Sexual Sabotage
By Judith A. Reisman, Ph.D.

Matt C. Abbott
July 7, 2010
© Matt C. Abbott
Reproduced with Permission
RenewAmerica

Judith A. Reisman, Ph.D., is a noted researcher and author who has battled the vast sex industry and has exposed the true and terrible legacy of one of the sexual revolution's chief architects, Alfred Kinsey. Below is a substantial excerpt (minus endnotes) from chapter one of Dr. Reisman's new book Sexual Sabotage: How One Mad Scientist Unleashed a Plague of Corruption and Contagion on America. Many thanks to Dr. Reisman for allowing me to reprint her material. -Matt C. Abbott


Sexual Sabotage

By Judith A. Reisman, Ph.D.

"Mother's Flags" hung in the windows of most homes in my neighborhood in 1942. Walking past them, I knew that when a blue star was replaced with a gold one, another son or daughter had died to protect me and my country. My gratitude and sense of obligation began then, as 416,800 soldiers died, sixteen million fought under arms, and millions of stateside Americans shouldered the burdens of war. Little did we know that, having survived the enemy forces in Europe, Africa, Asia, and the Pacific Ocean, our heroes would come home only to be sabotaged, betrayed by a cult of American draft dodgers lounging on the grassy slopes of Indiana University.

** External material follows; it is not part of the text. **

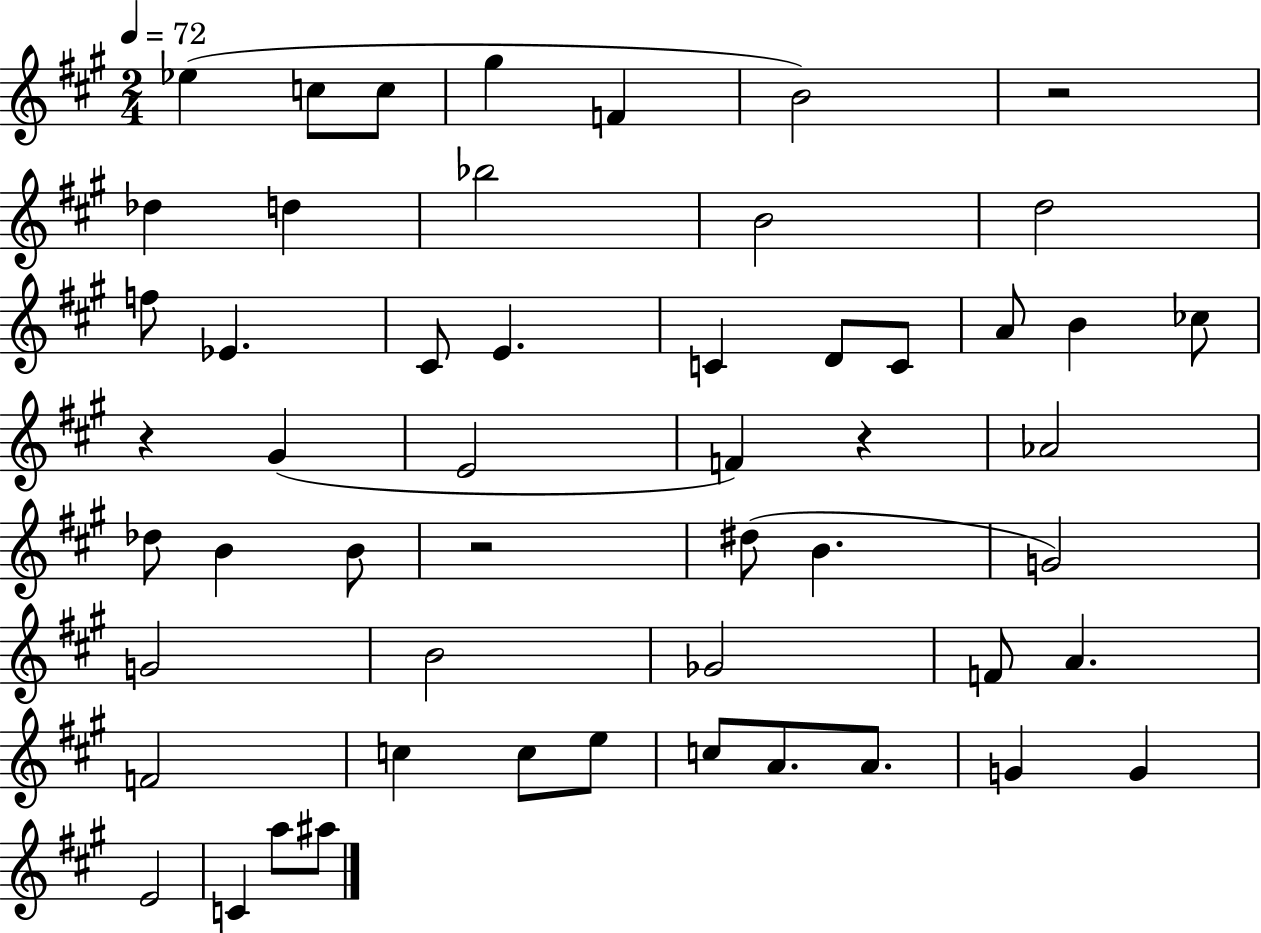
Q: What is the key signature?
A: A major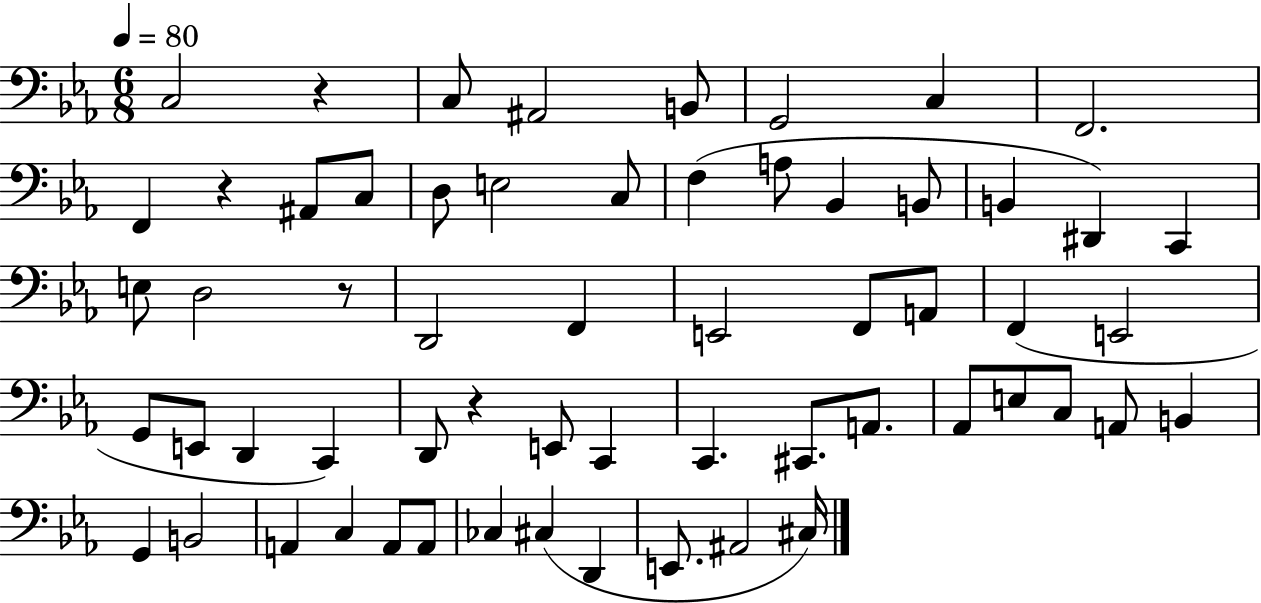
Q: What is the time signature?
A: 6/8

There, strolling along the tree covered green campus and the undisturbed wilderness of Dunn's Woods, Alfred C. Kinsey, a zoologist, studied gall wasps, taught classes, conducted "sexual research," and, in 1948 and 1953, published reports that defamed our heroes, their families, and everything they fought and died for. With a cadre of devoted followers, this "scientist" lied about our forebears and slandered the World War II generation as promiscuous, adulterous, homosexual, and even bestial. Abundant evidence proves that these sexual perversions reflected the activities and character of the Indiana University professors  not of our accused World War II fighting men and women. Nonetheless, this false "statistical survey" of the morals of World War II Americans would be believed and relied upon for generations to come. Indeed, it continues to seduce our nation, even today.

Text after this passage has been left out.